1. Simple "hello world" application

/*The Parallel Hello World Program*/
#include <stdio.h>
#include <mpi.h>

main(int argc, char **argv)
{
   int node;
   
   MPI_Init(&argc,&argv);
   MPI_Comm_rank(MPI_COMM_WORLD, &node);
     
   printf("Hello World from Node %d\n",node);
            
   MPI_Finalize();
}

Output: something like

Hello World from Node 2
Hello World from Node 0
Hello World from Node 4
Hello World from Node 9
Hello World from Node 3
Hello World from Node 8
Hello World from Node 7
Hello World from Node 1
Hello World from Node 6
Hello World from Node 5

2. Using timing routines

#include <stdio.h>
#include <mpi.h>

/*NOTE: The MPI_Wtime calls can be placed anywhere between the MPI_Init
and MPI_Finalize calls.*/

main(int argc, char **argv)
{
   int node;
   double mytime;   /*declare a variable to hold the time returned*/

   MPI_Init(&argc,&argv);
   mytime = MPI_Wtime();  /*get the time just before work to be timed*/
   MPI_Comm_rank(MPI_COMM_WORLD, &node);

   printf("Hello World from Node %d\n",node);

   mytime = MPI_Wtime() - mytime; /*get the time just after work is done
                                    and take the difference */
   printf("Timing from node %d is %lf seconds.\n",node,mytime);
   MPI_Finalize();

 }

3. Example showing use of broadcast and reduce

**************************************************************
MPI_Bcast

This routine broadcasts data from the process with rank "root" to all other processes of the group.

	int MPI_Bcast(void* buffer, int count, MPI_Datatype datatype, int root,
               MPI_Comm comm)

	Input/Output:
	   buffer - starting address of buffer (choice)
	   count - number of entries in buffer (integer)
	   datatype - data type of buffer (handle)
	   root - rank of broadcast root (integer)
  	   comm - communicator (handle)

MPI_Reduce

This routine combines values on all processes into a single value using the operation defined by the parameter op.

	int MPI_Reduce(void* sendbuf, void* recvbuf, int count, MPI_Datatype
                datatype, MPI_Op op, int root, MPI_Comm comm)

	Input:
	   sendbuf - address of send buffer (choice)
	   count - number of elements in send buffer (integer)
	   datatype - data type of elements of send buffer (handle)
	   op - reduce operation (handle) (user can create using MPI_Op_create
          or use predefined operations MPI_MAX, MPI_MIN, MPI_PROD, MPI_SUM,
          MPI_LAND, MPI_LOR, MPI_LXOR, MPI_BAND, MPI_BOR, MPI_BXOR,
          MPI_MAXLOC, MPI_MINLOC in place of MPI_Op op.
	   root - rank of root process (integer)
	   comm - communicator (handle)

	Output:
	   recvbuf - address of receive buffer (choice, significant only at root )

*******************************************************************

It might be nice to know what was the least/most execution time spent by any individual process as well as the average time spent by all of the processes.

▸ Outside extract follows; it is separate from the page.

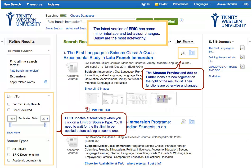The latest version of ERIC has some minor interface and behavior changes. ERIC updates automatically when you click on a limit or source type. You'll need to wait for the first limit to be applied before adding a second one. The abstract preview and add-to-folder icons are now together on the right side of the result list. Their functions are otherwise unchanged.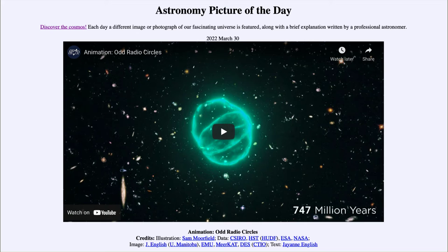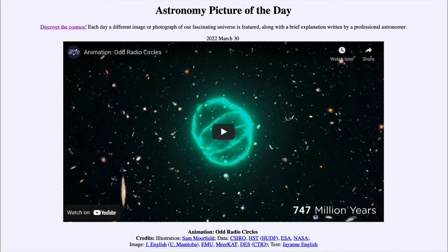So what do we see here? These are ORCs — O-R-C — standing for Odd Radio Circles. They are unusual radio emission that has been detected from some galaxies. This is one specific one labeled ORC1, and it's actually a video that shows a little bit of how we're trying to understand these unusual objects. It gives you an idea of how incredibly large they are.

This will give you a vague idea of the distribution of work among the processes. (A better idea can be gained by calculating the standard deviation of the run times.) To do this, in additional to a few calls to get the value of the system clock, you need to add a call to synchronize the processes and a few more calls to collect the results. For example, to time a function called work() which is executed by all of the processes, one would do the following:

    int myrank,
        numprocs;
    double mytime,   /*variables used for gathering timing statistics*/
           maxtime,
           mintime,
           avgtime;
  
    MPI_Comm_rank(MPI_COMM_WORLD, &myrank);
    MPI_Comm_size(MPI_COMM_WORLD, &numprocs);
    MPI_Barrier(MPI_COMM_WORLD);  /*synchronize all processes*/
    mytime = MPI_Wtime();  /*get time just before work section */
    work();
    mytime = MPI_Wtime() - mytime;  /*get time just after work section*/
/*compute max, min, and average timing statistics*/
    MPI_Reduce(&mytime, &maxtime, 1, MPI_DOUBLE,MPI_MAX, 0, MPI_COMM_WORLD);
    MPI_Reduce(&mytime, &mintime, 1, MPI_DOUBLE, MPI_MIN, 0,MPI_COMM_WORLD);
    MPI_Reduce(&mytime, &avgtime, 1, MPI_DOUBLE, MPI_SUM, 0,MPI_COMM_WORLD);
    if (myrank == 0) {
      avgtime /= numprocs;
      printf("Min: %lf  Max: %lf  Avg:  %lf\n", mintime, maxtime,avgtime);
    }


4. Computing pi using numerical integration


#include <stdio.h>
#include <math.h>
#include "mpi.h"

double f(a)
double a;
{
    return (4.0 / (1.0 + a*a));
}

int main(argc,argv)
int argc;
char *argv[];
{
    int done = 0, n, myid, numprocs, i;
    double PI25DT = 3.141592653589793238462643;
    double mypi, pi, h, sum, x;
    double startwtime, endwtime;
    int  namelen;
    char processor_name[MPI_MAX_PROCESSOR_NAME];

    MPI_Init(&argc,&argv);
    MPI_Comm_size(MPI_COMM_WORLD,&numprocs);
    MPI_Comm_rank(MPI_COMM_WORLD,&myid);
    MPI_Get_processor_name(processor_name,&namelen);

    fprintf(stderr,"Process# %d with name %s on %d processors\n",
	    myid, processor_name, numprocs);

    n = 0;
    while (!done)
    {
        if (myid == 0)
        {
            scanf("%d",&n);
            printf("Number of intervals: %d (0 quits)\n", n);

	    startwtime = MPI_Wtime();
        }
        MPI_Bcast(&n, 1, MPI_INT, 0, MPI_COMM_WORLD);
        if (n == 0)
            done = 1;
        else
        {
            h   = 1.0 / (double) n;
            sum = 0.0;
            for (i = myid + 1; i <= n; i += numprocs)
            {
                x = h * ((double)i - 0.5);
                sum += f(x);
            }
            mypi = h * sum;

            MPI_Reduce(&mypi, &pi, 1, MPI_DOUBLE, MPI_SUM, 0, MPI_COMM_WORLD);

            if (myid == 0)
	    {
                printf("pi is approximately %.16f, Relative Error is %16.8e\n",
                       pi, (double)100 * (pi - PI25DT)/PI25DT);
		endwtime = MPI_Wtime();
		printf("wall clock time = %f\n",
		       endwtime-startwtime);	       
	    }
        }
    }
    MPI_Finalize();

    return 0;
}